Enhancing Predictability of Handwritten Document Content using HTR and Word Substitution
Varshini Prakash1, Keshav Moorthy2, Jasmin T Jose3
1Varshini Prakash*, Computer Science, Vellore University of Technology, Vellore, India.
2Keshav Moorthy, Computer Science, Vellore University of Technology, Vellore, India.
3Jasmin T Jose, Computer Science, Vellore University of Technology, Vellore, India.
Manuscript received on May 04, 2020. | Revised Manuscript received on May 12, 2020. | Manuscript published on May 15, 2020. | PP: 15-18 | Volume-6, Issue-7, May 2020. | Retrieval Number: G1240056720/2020©BEIESP | DOI: 10.35940/ijisme.G1240.056720
Open Access | Ethics and Policies | Cite
© The Authors. Published By: Blue Eyes Intelligence Engineering and Sciences Publication (BEIESP). This is an open access article under the CC BY-NC-ND license (http://creativecommons.org/licenses/by-nc-nd/4.0/)

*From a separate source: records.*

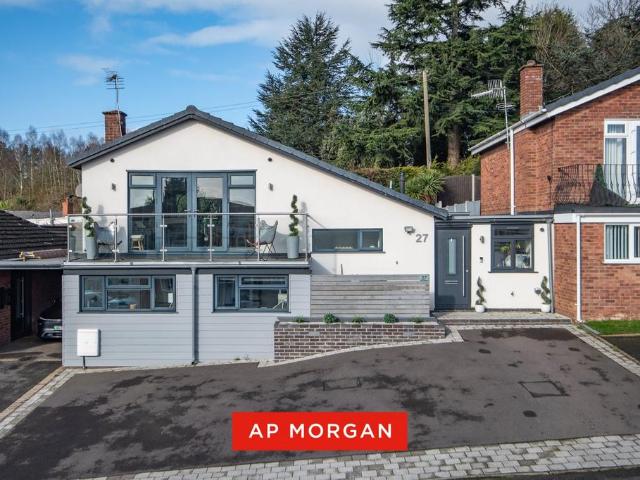 House for sale in Catshill and North Marlbrook CP, Bromsgrove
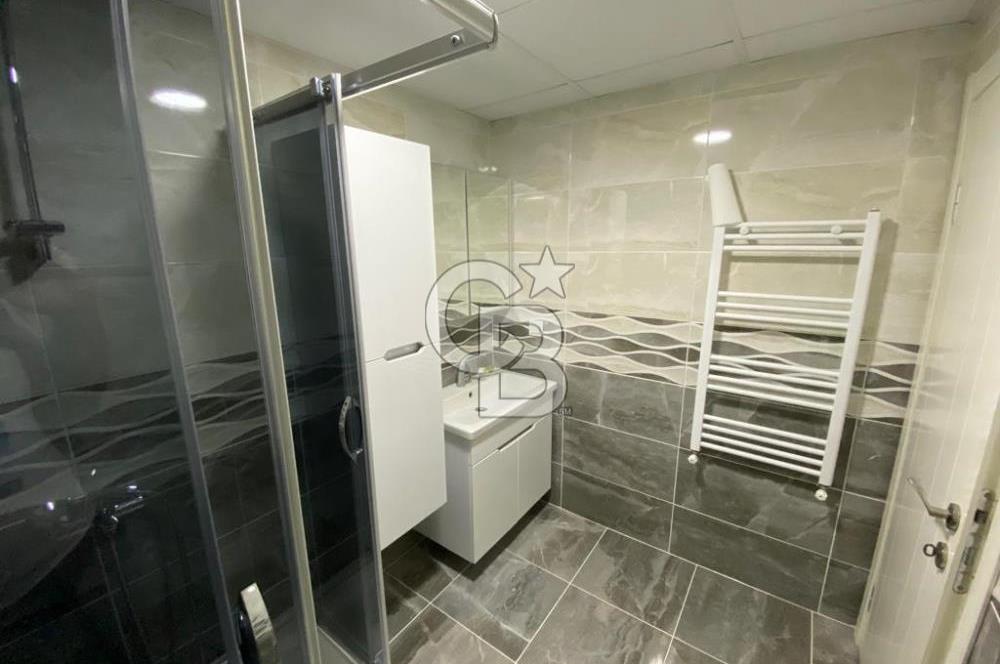 DERİNCE YELKENT SAFİR KONAKLARI'NDA 3+1 SATILIK ARA KAT DAİRE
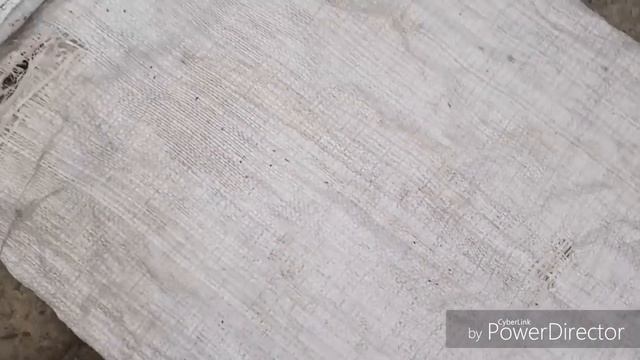 Ручная сеялка с нормой высева.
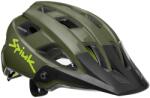SPIUK - Casca ciclism DOLMEN Helmet - verde kaki negru (CDOLME3)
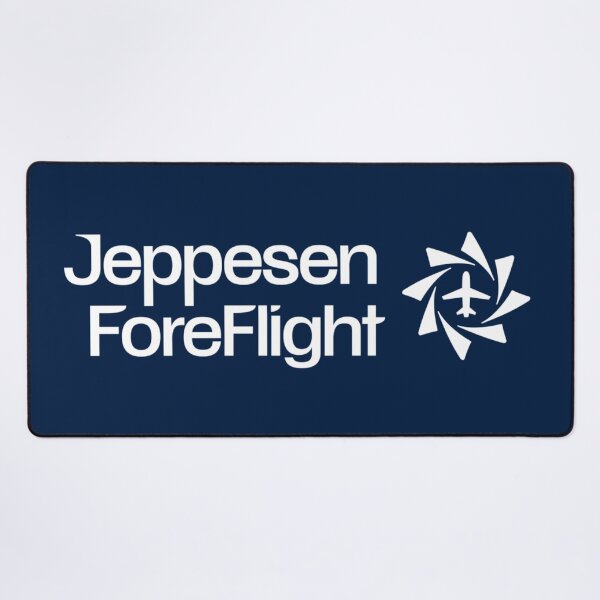 Item preview, jeppesen foreflight electronic flight bag designed and sold by PilotandPlane.
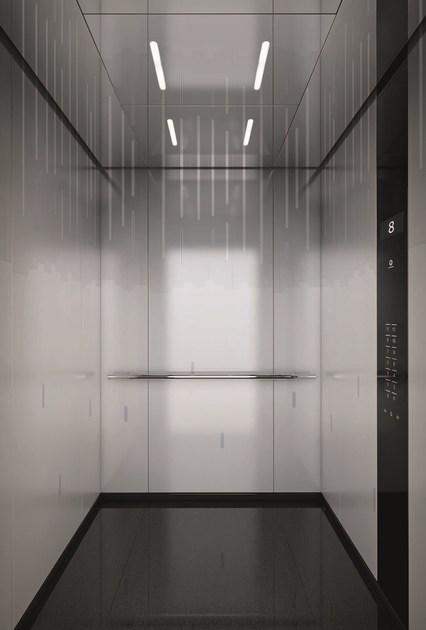 SCHINDLER Лифт для офисов, гостиниц, больниц, торговых центров sun-id-1436378 - Вид №28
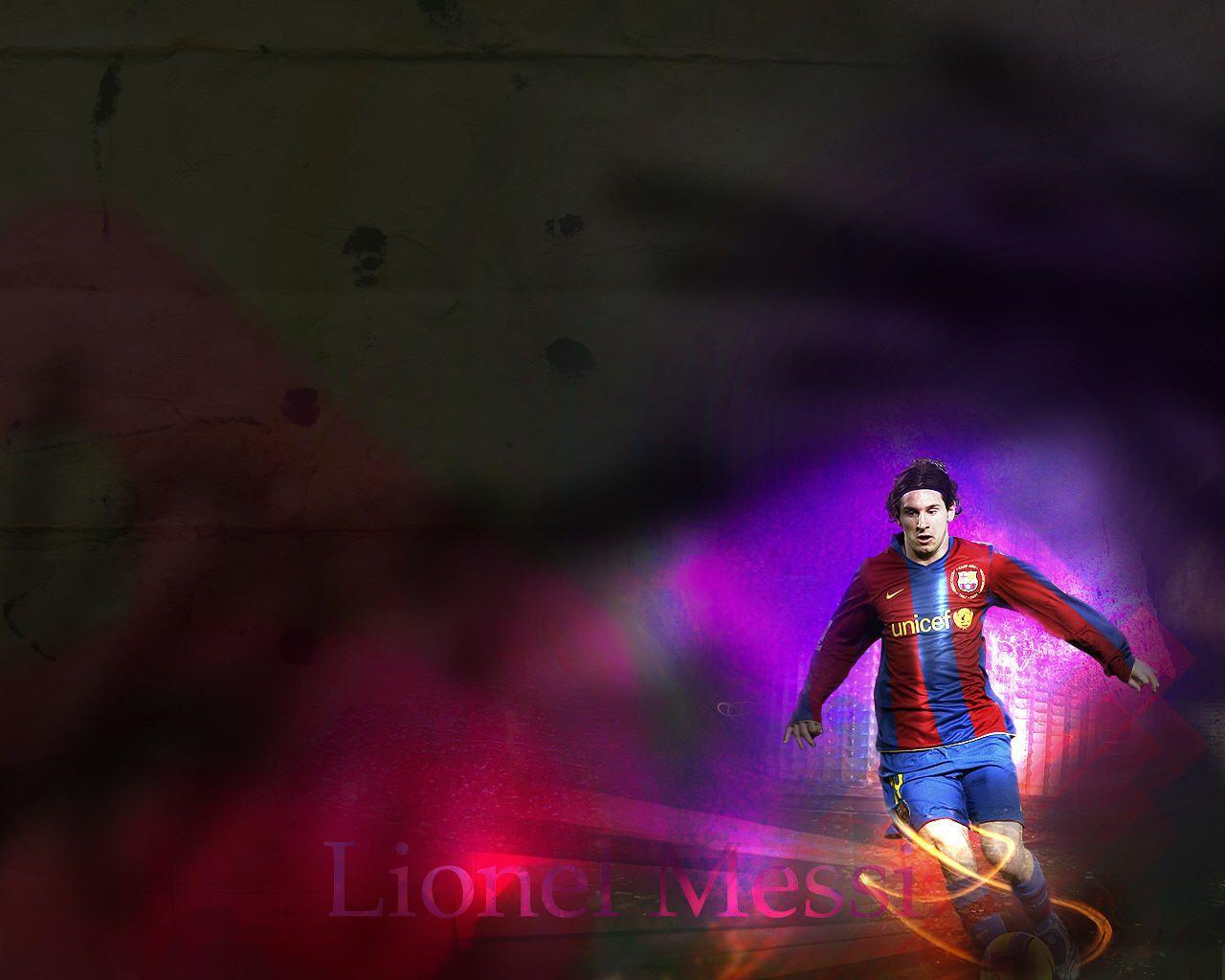 pic new posts: Wallpaper Leo Messi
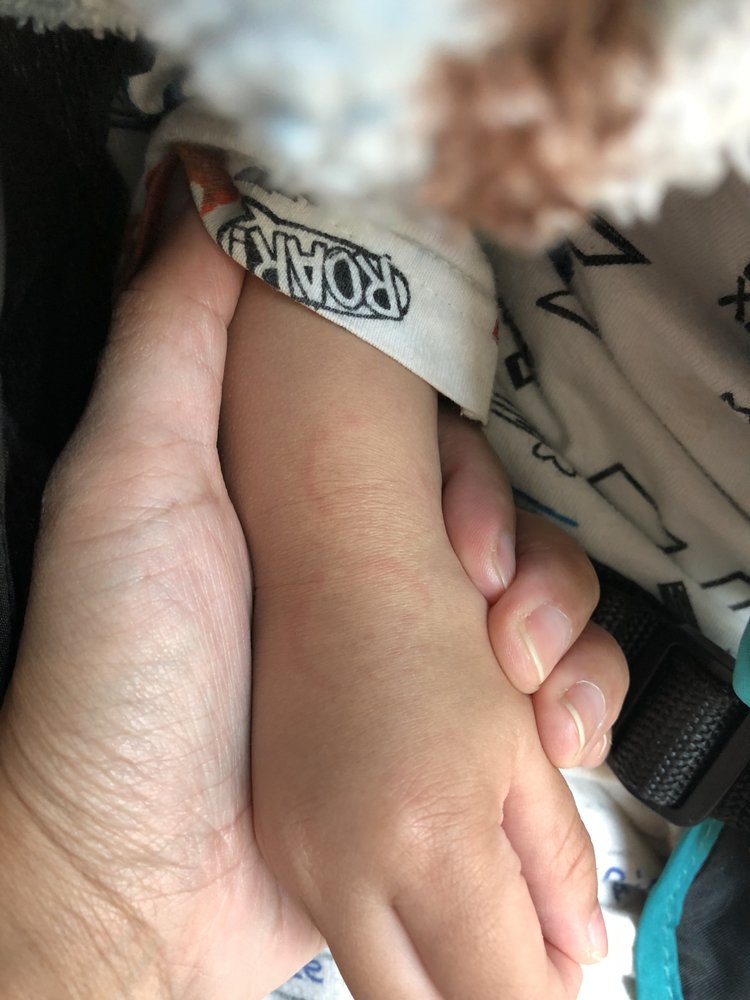 Growing Room Christian Academy - childcare center in Columbus, GA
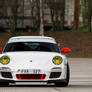 GT3RS on life-support
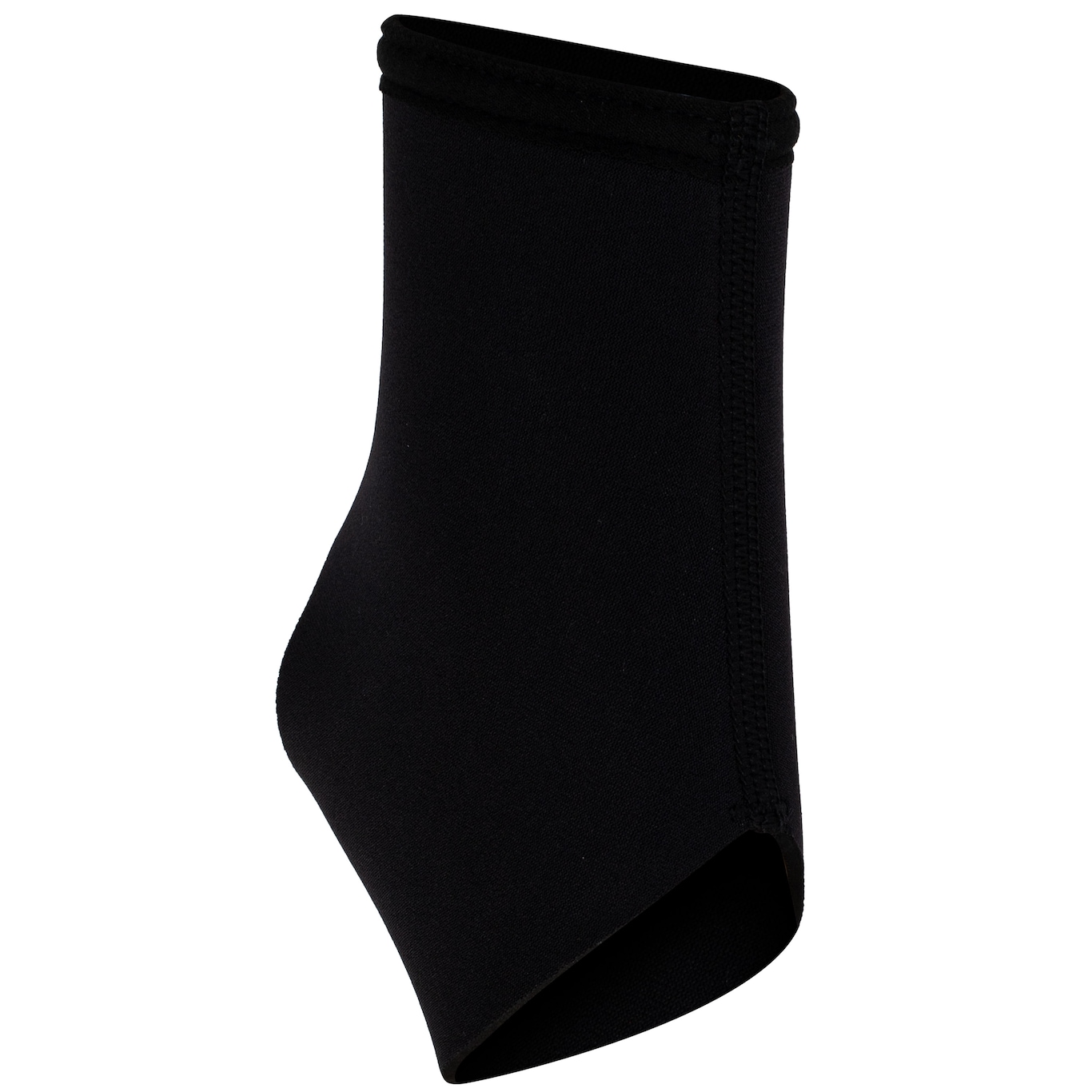 Tornozeleira Oxer Neoprene Curta 1 Unidade Adulto - Foto 1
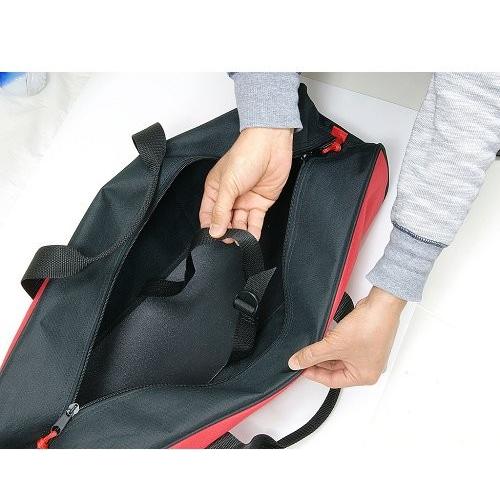 SK11 ロングツールバッグ STB-LONG 4977292143646 [収納用品 藤原産業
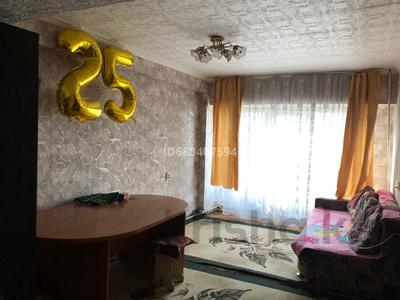 2-комнатная квартира, 47 м², 1/4 этаж, Бокейханова 158А за 23 млн 〒 в Алматы, Жетысуский р-н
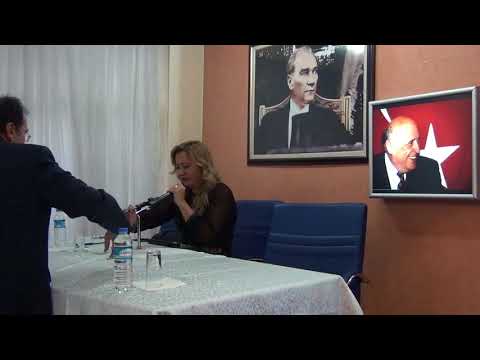 ISVAK - Özel Doktoru Aylin Cesur Demirel'i anlatıyor (Bölüm 1)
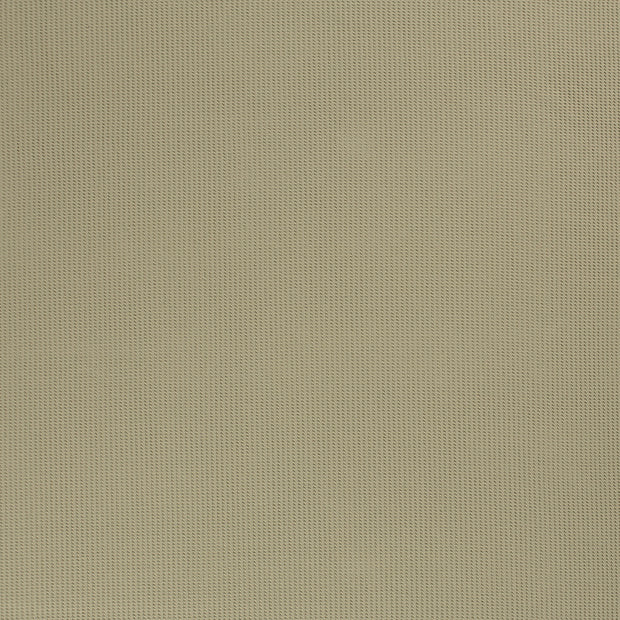 Knitted Waffle fabric Olive Green matte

Abstract: Handwritten Text Recognition (HTR) can become progressively abysmal when the documents are damaged with smudges, blemishes and blurs. Recognition of such documents is a challenging task. We, therefore propose a system to identify textual handwritten content in documents where the state-of-the-art Optical Character Recognition (OCR) existing at its full extent performs with low accuracy. By introducing word substitution using character and distance analysis for spell checking and word completion in such areas for giving out more accurate results using a word corpus, we improved our prediction results especially in cases where the OCR is prone to predict false positives on the smudge areas predominantly. Blur detection on every word before segmentation is also substituted with a new word by our OCR algorithm to avoid false positive results and are instead substituted with suitable words. This methodology is far more convenient and reliable since even state-of-the-art HTR technologies do not have more than 71% accuracy. The accuracy of the predicted test is measured using the text similarity metric – Fuzzy Token Set Ratio (FTSR).
Keywords: Damaged documents, Fuzzy Token Set Ratio, Handwritten Documents, Spell Check, Word Replacement.